■ To do
Starting at the line that contains "Cinco de Mayo", transcribe every remaining line of the data below exactly, and omit all pictures.
*** Block opens ***
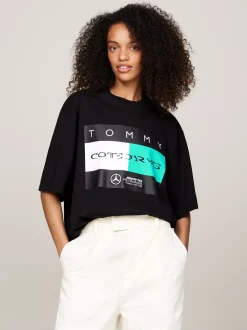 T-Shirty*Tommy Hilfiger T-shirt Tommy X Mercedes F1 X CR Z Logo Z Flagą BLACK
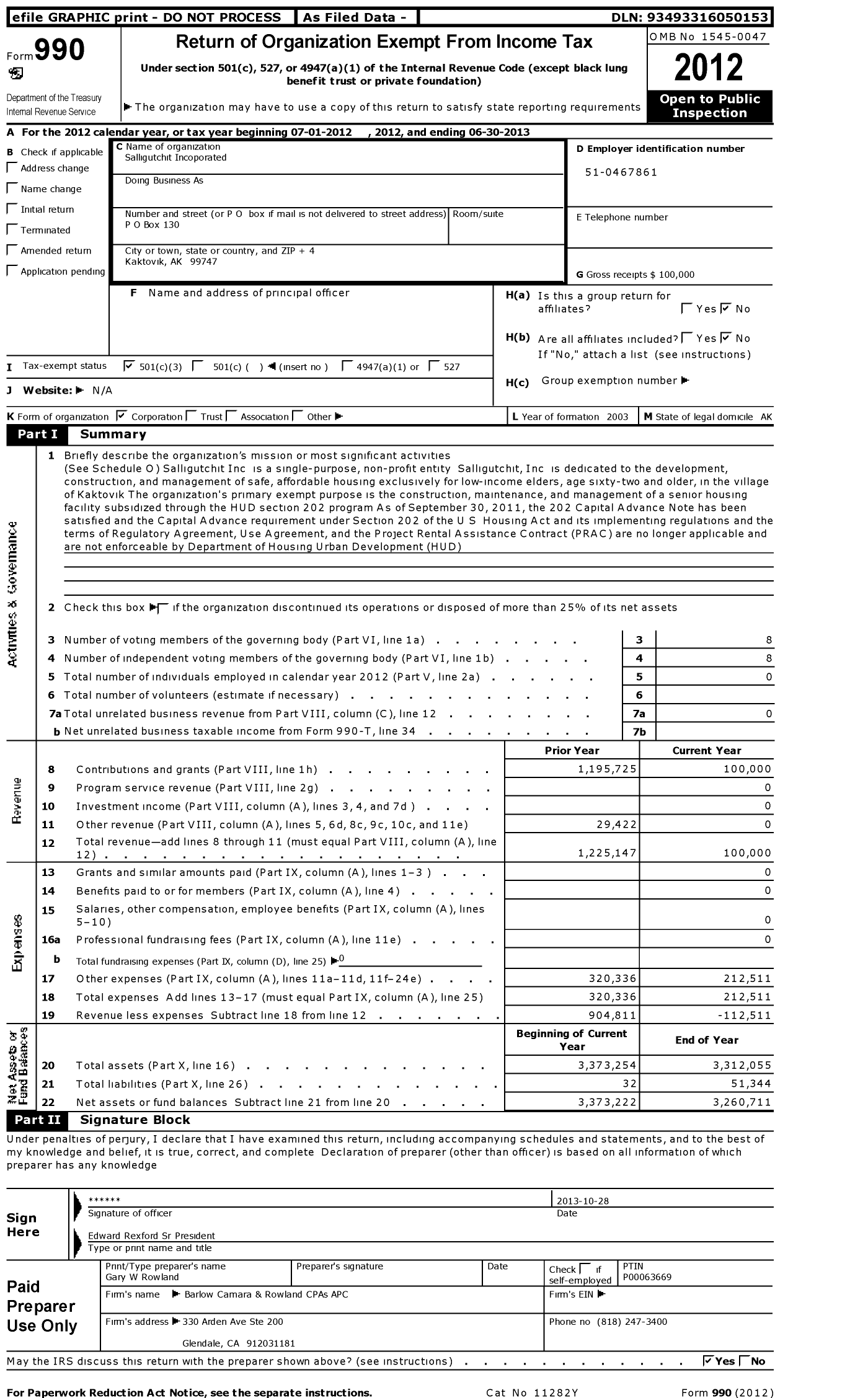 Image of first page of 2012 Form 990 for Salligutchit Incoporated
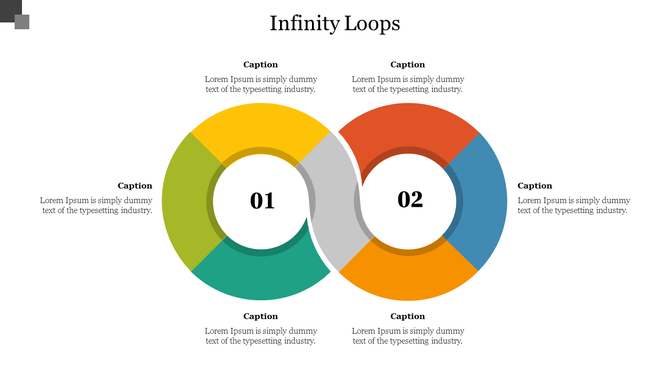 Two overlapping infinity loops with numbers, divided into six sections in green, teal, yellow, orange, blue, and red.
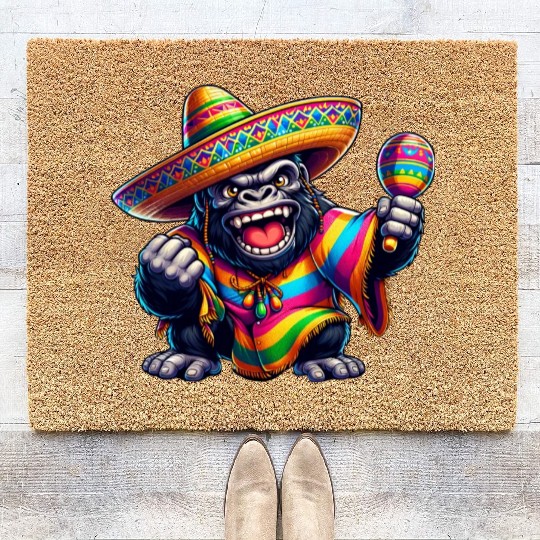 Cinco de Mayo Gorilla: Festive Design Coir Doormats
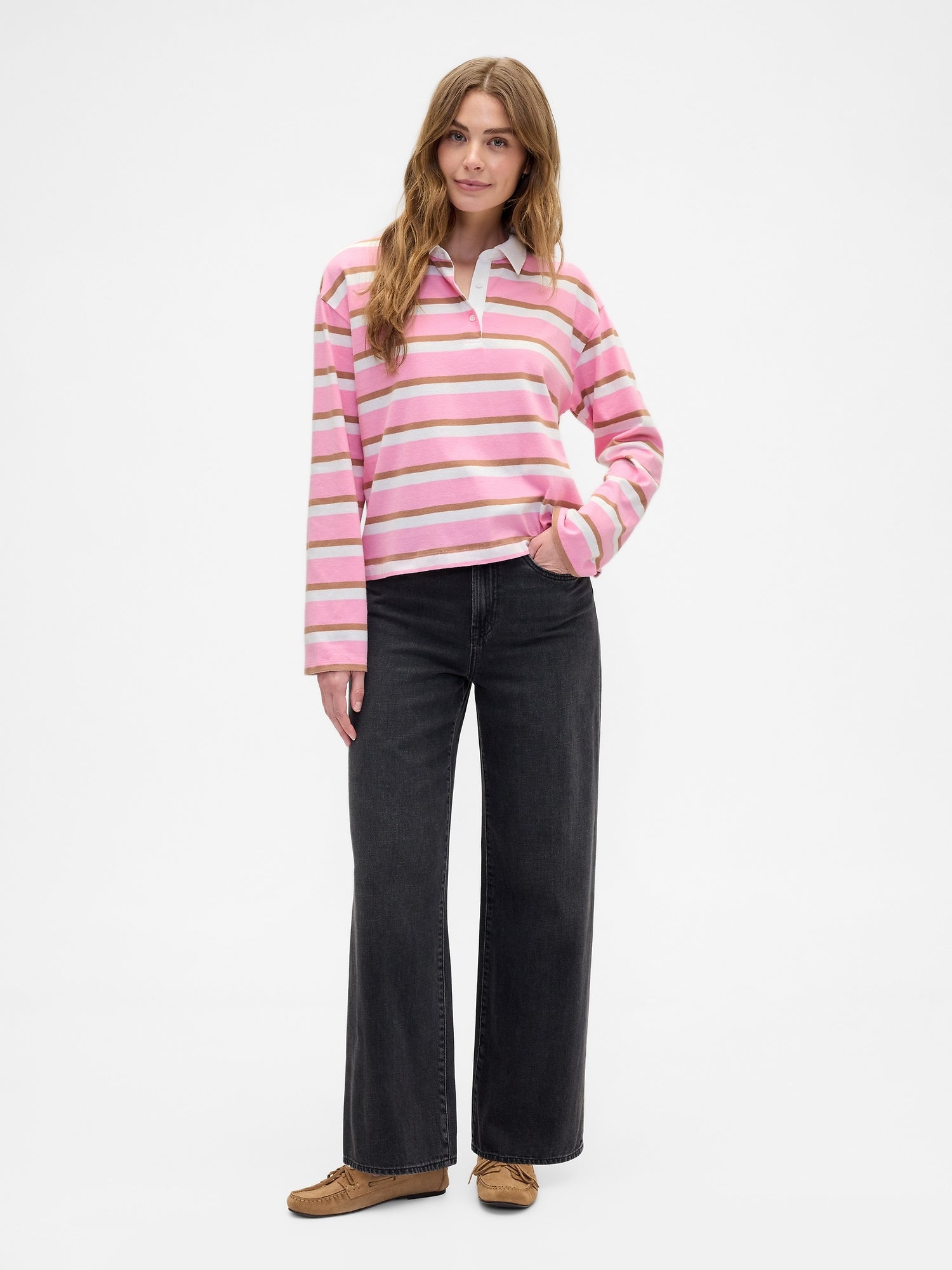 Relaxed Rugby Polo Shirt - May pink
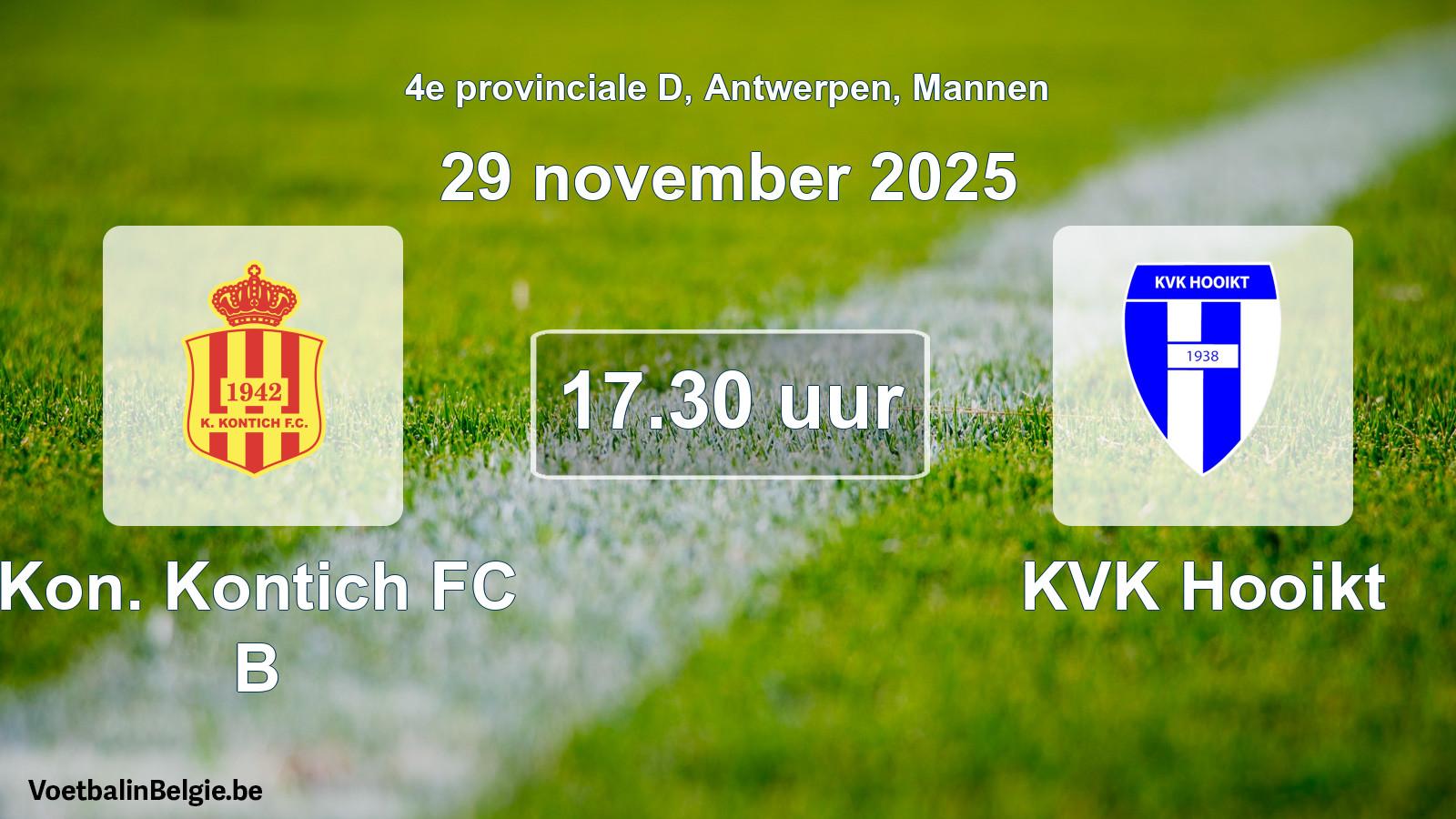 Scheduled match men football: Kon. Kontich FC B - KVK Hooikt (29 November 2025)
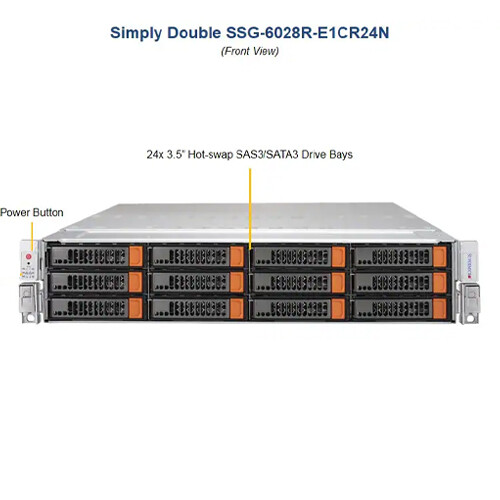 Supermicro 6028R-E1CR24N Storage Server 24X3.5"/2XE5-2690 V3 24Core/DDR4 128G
*** Block closes ***
■ Answer to this problem
 Cinco de Mayo Gorilla: Festive Design Coir Doormats
 Relaxed Rugby Polo Shirt - May pink
 Scheduled match men football: Kon. Kontich FC B - KVK Hooikt (29 November 2025)
 Supermicro 6028R-E1CR24N Storage Server 24X3.5"/2XE5-2690 V3 24Core/DDR4 128G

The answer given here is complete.